The Association of Indian Muslims of America, representing over 200,000 Indian-American Muslims, has hailed the Congress's convincing victory and the Bharatiya Janata Party's rout, and said its "represents excellent news for the future development and continued growth of a composite secular society in India".
Kaleem Kawaja, a AIMA spokesman and a senior engineer at NASA, told rediff.com, "that heartening that the United Progressive Alliance coalition turned back the challenge of the reactionary parties that have time and again infused religion in the political process".
He recalled that "I was in India last month when polling took place there, and I could sense then that voters were leaning towards the basic message of inclusiveness, pluralism and development that the Congress and their allies projected".
Kawaja also speculated that "I also believe that the people of India punished those politicians who had opposed last year's Indo-US civilian nuclear deal".
He argued that "by not repudiating the horrible anti-Muslim violence in Gujarat in 2002, and not taking strong action to give justice to the victims of that carnage, the BJP sent the wrong message to the nation."
"Instead of making Narendra Modi (Gujarat Chief Minister), accountable for that carnage, they projected him as one of the future leaders of India," Kawaja said, and added, "It is a tribute to the innate sense of justice of the common Indians that they rejected that thinking."

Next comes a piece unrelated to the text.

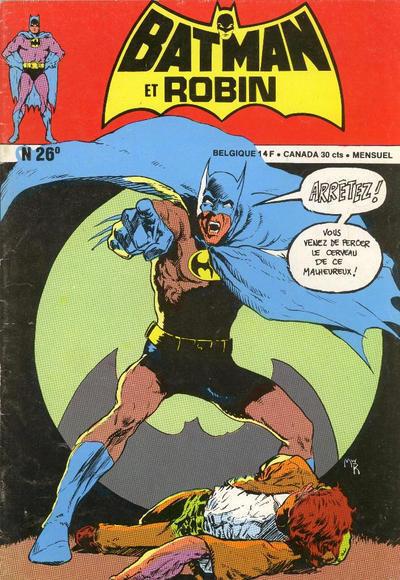 Batman #26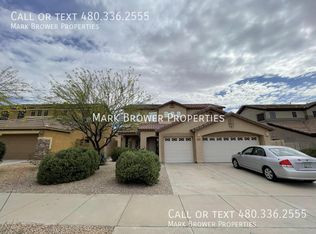 17453 W Rock Ledge Rd, Goodyear, AZ 85338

Kawaja said, "Indeed, for us Indian Americans also, it is a time of reflection. We must push for an egalitarian, inclusive and just polity in India that cares for the minorities and deprived segments of society.'
"We should build the same kind of composite society in India that we want for ourselves in the US. For myself, I am looking forward to five more years of economic-industrial growth and tranquility in the nation."
For Kawaja, the election was very close to home because his first cousin, contesting on a Congress ticket won handsomely, beating his Bahujan Samajwadi Party rival.
"I was watching this election very closely since along with other considerations, my first cousin, Syed Zafar Ali Naqvi was running on a Congress ticket from Kheri-Lakhimpur in Uttar Pradesh."
"Fortunately, he was elected by a significant margin," the proud cousin, sitting in Ellicott City in Maryland -- a suburb of Washington, DC said.